テクニカルインフォメーション
ウエスタンブロッティング トランスファー(転写)
ウェスタンブロッティングのトランスファー(転写)はゲル中で分離されたタンパク質を電気的にゲルから引っ張りだしてメンブレン(膜)へと写す工程です。いわば電気泳動ゲルのコピーを作成するような感じです。作業自体は簡単なのですが、膜へトランスファーする際にムラになったり(ゲルと膜が密着していない)、空気が入って穴抜けになったりすることがあり、満足のできる転写膜(ブロッティング膜)を得ることは、熟練した研究者でもなかなか難しいと聞きます。今回はアトーの製品を使用したウェスタンブロッティングのセミドライ式トランスファーに関してご紹介します。
実験の流れ
1.サンプル調製
細胞や組織などからRIPA Lysisバッファー やSDSサンプルバッファーでタンパク質を抽出し、SDS処理および還元処理を行います。
使用する製品
タンパク質抽出処理液
(EzRIPA Lysis kit, EzApply, EzLabel FluoroNeo)
ブロックインキュベータ
(MyMiniBLOCK, PowerBLOCK)
3.トランスファー
電気泳動で分離したタンパク質をゲルからPVDF膜にトランスファーします。
使用する製品
トランスファーバッファー
(EzFastBlot HMW)
トランスファーパック
(QBlotシリーズ)
ブロッターパワーサプライ
(HorizeBLOT)
実験方法
電気泳動
目的タンパク質が中央部分にくるように、ゲルのアクリルアミド濃度を選択します。アイソフォームやリン酸化など僅差の移動度をもつ複数のタンパク質バンドを検出する際は、それぞれのタンパク質が分離できるアクリルアミド濃度もしくは濃度勾配ゲルなどを使用します。ゲルのアクリルアミド濃度が低い場合は、電気泳動後のゲルが柔らかく、ブロッティング操作で取り扱いが難しくなります。またゲルのアクリルアミド濃度が高い場合には、転写効率が下がります。特に13%以上のゲルを使用する際は、トランスファーバッファー中にメタノールが含まれると転写効率が下がるため、メタノール濃度を低くする、もしくは入れないようにします。
高分子の場合… |
低分子の場合… |
||
|---|---|---|---|
| できるだけ低濃度のアクリルアミドを使用します。ただし7.5%以下の濃度のアクリルアミドゲルは取り扱いが難しいため、その場合は濃度勾配ゲルを使用します。150kDa以上の高分子は転写効率が著しく悪いため、高分子専用のトランスファーバッファーであるEzFastBlot HMWを用いたセミドライブロッティング、もしくはタンク式ブロッターを使用します。またトランスファー前にゲルをトランスファーバッファーで平衡化(約30分間)するとタンパク質の転写効率が上がる場合があります。ただし平衡化の時間が長くなると低分子バンドが消失したりバンドが拡散するので注意が必要です。 | 一般的には高濃度のアクリルアミドゲルを使用しますが、転写効率が著しく下がります。そこで、10%前後のアクリルアミドゲルと低分子側のバンドが分離できる泳動バッファーEzRun MOPSを使用してバンドを分離します。アクリルアミド濃度が均一のためゲルの変形が防げるとともに、高効率にトランスファーすることが可能になります。 |
トランスファーの準備
電気泳動を行っている間にトランスファーの準備をします。
ブロッティング溶液
ミニゲル1枚当たり200mL準備します。下表を参照して目的分子の分子量、転写時間などからブロッティングバッファーを選択します。

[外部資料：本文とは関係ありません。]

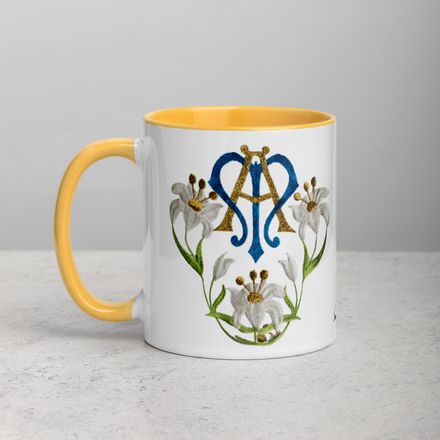 White Ceramic Mug with Color Inside, 11oz &amp; 15oz, Auspice Maria, Crest with flowers, qfko6t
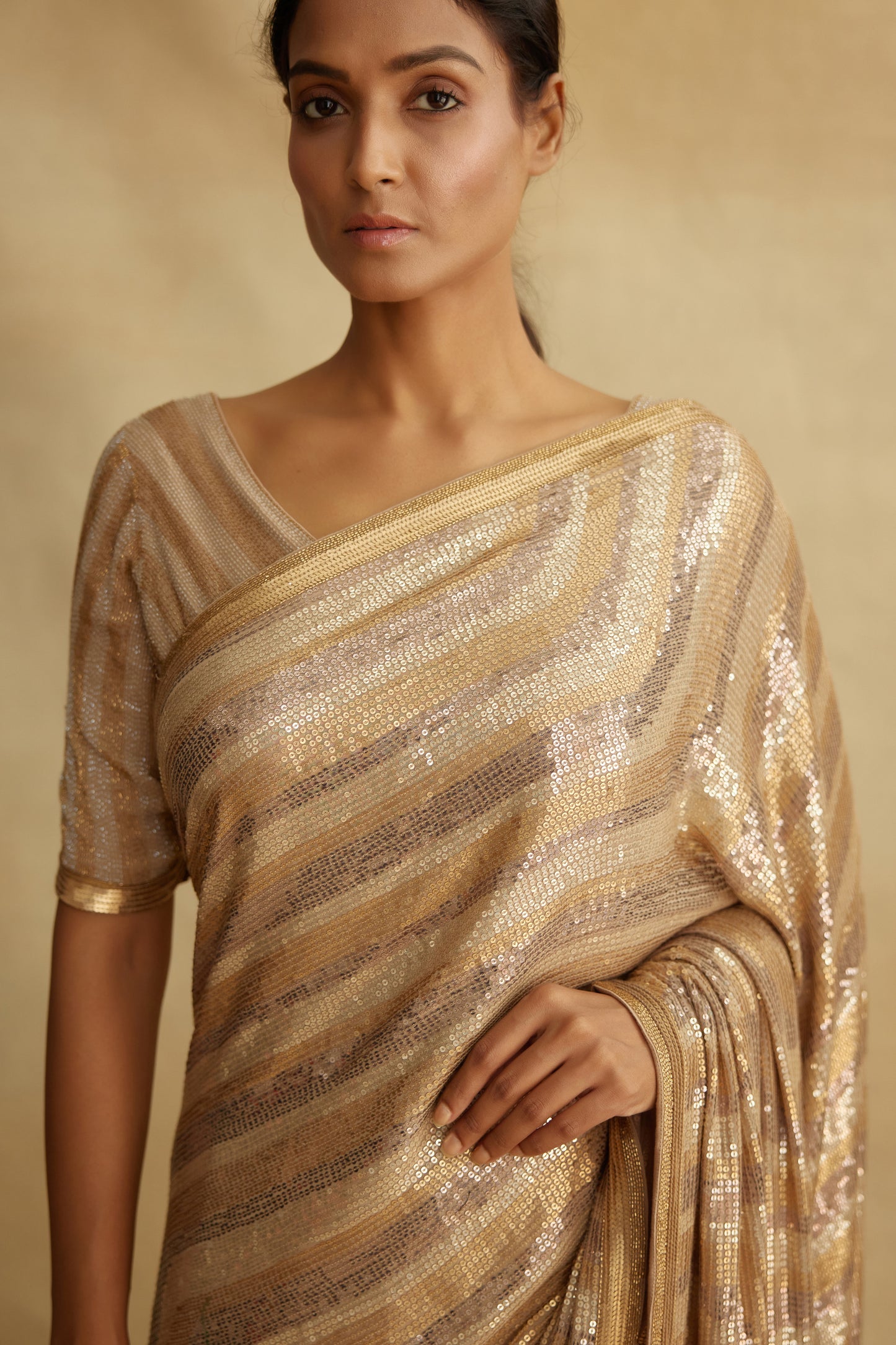Sari Set in Tiny Sequin in an Illusion Design
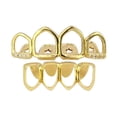 thumbnail image 2 of Copper Open Face Caps Grills 4 Fang Grill Set Costume Jewelry - Gold, 2 of 6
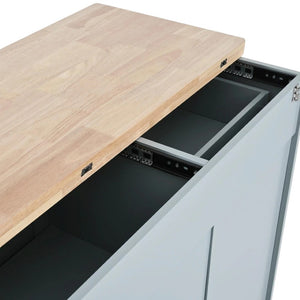 HomeRoots 49" Light Blue Rolling Kitchen Island with Expandable Surface, Sliding Barn Door & Ample Storage 654045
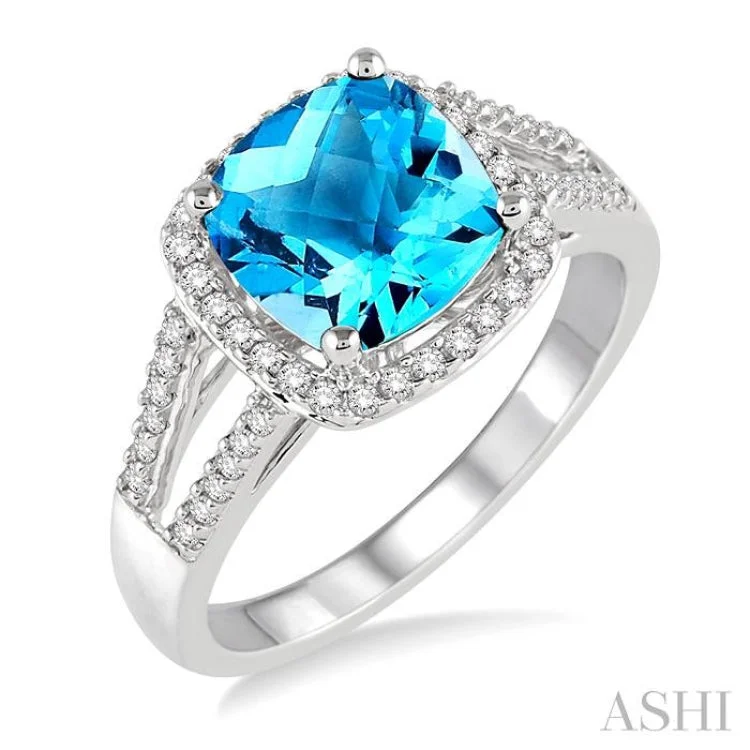 Classic Gemstone Engagement Rings-8x8 MM Cushion Cut Blue Topaz and 1/4 Ctw Round cut Diamond Ring in 10K White Gold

| 製品名 | EzBlot | EzFastBlot | EzFastBlot HMW | EzRun TG(Towbin法) |
|---|---|---|---|---|
| 型式 | AE-1460 | AE-1465 | WSE-7210 | WSE-7055 |
| 主成分 | 3液法(不連続) A: トリス B: トリス C: トリス、6-アミノカプロン酸 A~C: +MeOH (5%) |
1液法(連続) トリス アミノ酸 MeOH不含 |
1液法(連続) トリス MeOH不含 |
1液法(連続) 25mM トリス、192mMグリシン, ~10% MeOH(終濃度) |
| 転写可能分子 | ~300kDa | ~200kDa | ~600kDa | ~200kDa |
| 転写条件 | 2mA/cm2 60 min |
20~25V c.v. 5~15 min |
25V c.v. 15~30 min |
2mA/cm2 60 min |
| 使用方法 | MeOHを添加する | 蒸留水で10倍希釈 | 蒸留水で5倍希釈 | 蒸留水で10倍希釈 |
| 特徴 | 広範囲の分子量をシャープなバンドでキレイにトランスファー | 約10分で200 kDa 以下の分子を高効率にトランスファー | 30分以内に200 kDaの高分子も効率よくトランスファー | 主にタンク式で使用 (せミドライ式では低効率) |
※メタノールは膜へのタンパク質結合効率を上げられます。PVDF膜≦15%、ニトロセルロース膜≦20%で使用します。
※高分子タンパク質の場合、0.01~0.05%SDSを添加すると転写効率が上がる場合があります。
※トランスファー前に泳動後のゲルをトランスファーバッファーで15~30分間平衡化すると転写効率が上がる場合があります。
ただしバンドが拡散したり、低分子バンドが消失する場合がありますのでご注意ください。
PVDF膜
※ポアサイズが0.2μmの膜をご使用ください。低分子の場合、ポアサイズが大きいと膜から通り抜ける場合があります。
1.直接手を触れないように清潔な手袋を着用し、ゲルサイズにカットします。
ミニゲルサイズ:8.5×9 cm
コンパクトゲルサイズ:6.5×6.5 cm
アトー製品:WSE-4050~4053クリアブロット・Pプラス膜シリーズ
2.100%メタノール液に浸漬して親水化します(10秒以上)。
3.ブロッティング溶液に浸漬して10~30分平衡化します。
ろ紙
※トータルの厚みが4~6㎜になるように枚数を調整してください。
※長時間浸漬すると、ろ紙が溶ける場合があります。
1.直接手を触れないように清潔な手袋を着用し、ゲルサイズにカットします。
ミニゲルサイズ: 8.5×9 cm
コンパクトゲルサイズ: 6.5×6.5 cm
アトー製品:CB-06A,09A,13A,20Aアブソーベントペーパーシリーズ
2.トランスファーの直前にブロッティング溶液に浸漬します(10秒以上)。
ブロッキング溶液
ミニゲル1枚当たり50mL準備します。BSAやカゼインなどのタンパク質由来のものと合成ポリマーなどからなる非タンパク質性のものがあります。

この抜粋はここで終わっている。